Let’s Go Out, Darling!
I promise this is positively the last bonkers UKIP story of the year…
Apparently I was wrong. UKIP do have another key plank to their manifesto, apart from ‘Aren’t foreigners ghastly?’ In their 2010 manifesto edition they felt it should be made compulsory for people to wear evening dress to the theatre. The Daily Telegraph’s Charles Moore agreed with the plan, saying; ‘It is now almost compulsory not to dress up for the theatre, even in the West End. This has had the predictable result that theatre-goers pay less attention, eat and send texts all through the performance.’
This is right up there with those ‘herbal shampoos mend split ends’ claims. I’m not sure how dressing for the theatre affects your ability to text, but I went to see a jazz concert last night, and many in the young audience were texting throughout the show. Did it bother me? Not really. It probably would have done if I was attending a very sombre play, but we don’t complain about exit signs and overhead spotlights being on, do we?

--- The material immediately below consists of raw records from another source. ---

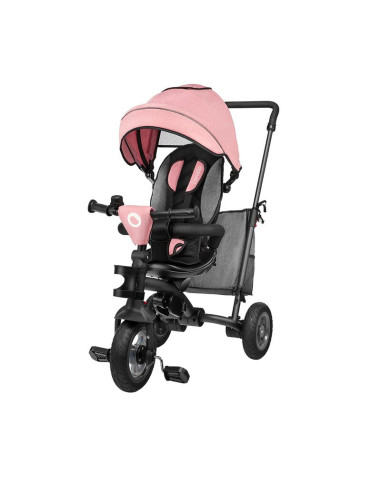 BN-LO-TRISCANDY_ROSE/GREY,Lionelo - Tricicleta Tris, Mecanism de pedalare libera, Suport picioare, Control al directiei, Scaun r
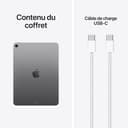 Apple iPad Air 11 Pouces (M4) : Écran Liquid Retina, 128 Go, Caméras Avant/arrière 12 MP, Wi‑FI 7 avec Apple N1, Touch ID, Autonomie d’Une journée – Gris sidéral - 6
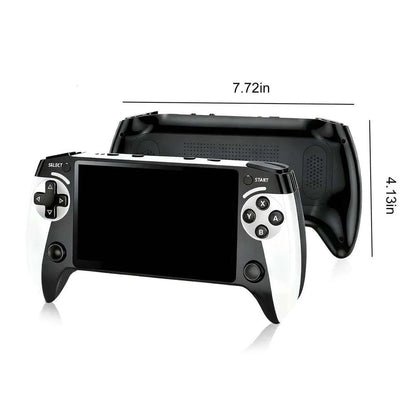 X9 portable game console, 5.5-inch HD screen, multiple languages, retro GBA Arcade video,10 simulators with 20000+ Games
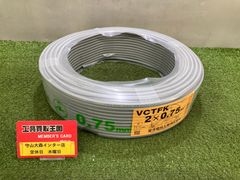 【未使用】【0921】富士電線 VCTFK 0.75sq 灰 1巻(100m) 10巻　ITZGLI34TG41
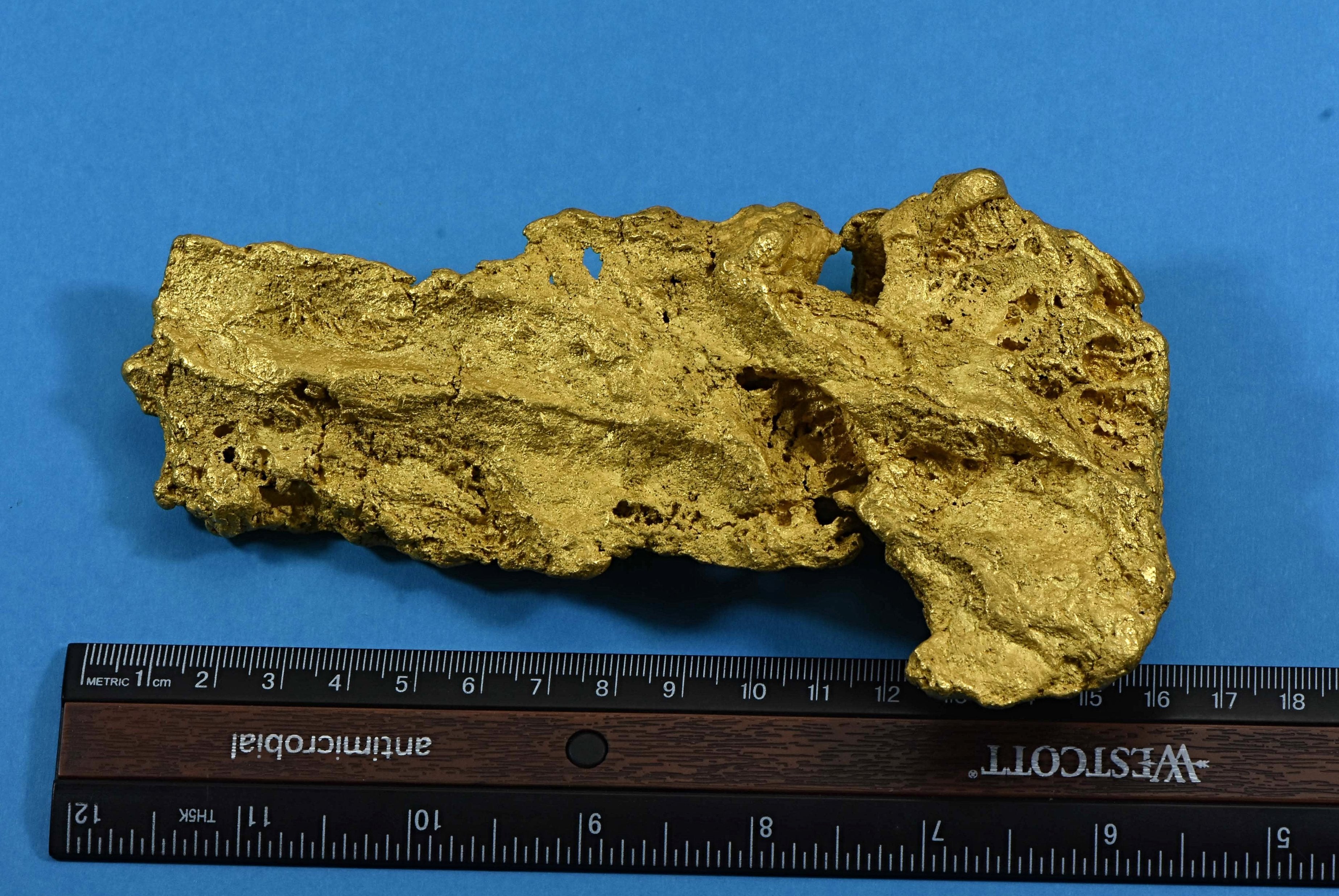 Large Natural Gold Nugget Australian 1 246.3 Grams 40.07 Troy Ounces Very Rare Aussie Nuggets Over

I think UKIP didn’t go far enough – for the theatre, bustle skirts, top hats and monocles should also be required, and your landau should gallop over at least one working class child on the way to the theatre, crippling it.
Actually, there are some other UKIP reforms to consider. As pointed out by the LRB, ‘Nigel Farage & Co have no policies that align with their stance on immigration and European integration. They are tax cutters and public sector trimmers; they want to outsource more of the NHS; they would restrict benefits and dump the Crown Prosecution Service. They take an infantile pleasure in dirt and incontinence – landfill, tobacco smoke, coal-powered energy – and they don’t want a nanny state telling them’ what to do. Except, of course, when they tell us we have to dress up for the theatre.
There’s been some other news on the UKIP front – recently its voters were socially profiled by a research group who found that they don’t like foreign food, don’t read and have no interest in the arts. I’m not quite sure how this fits with the theatre dressing thing at all. But then nobody promised consistency.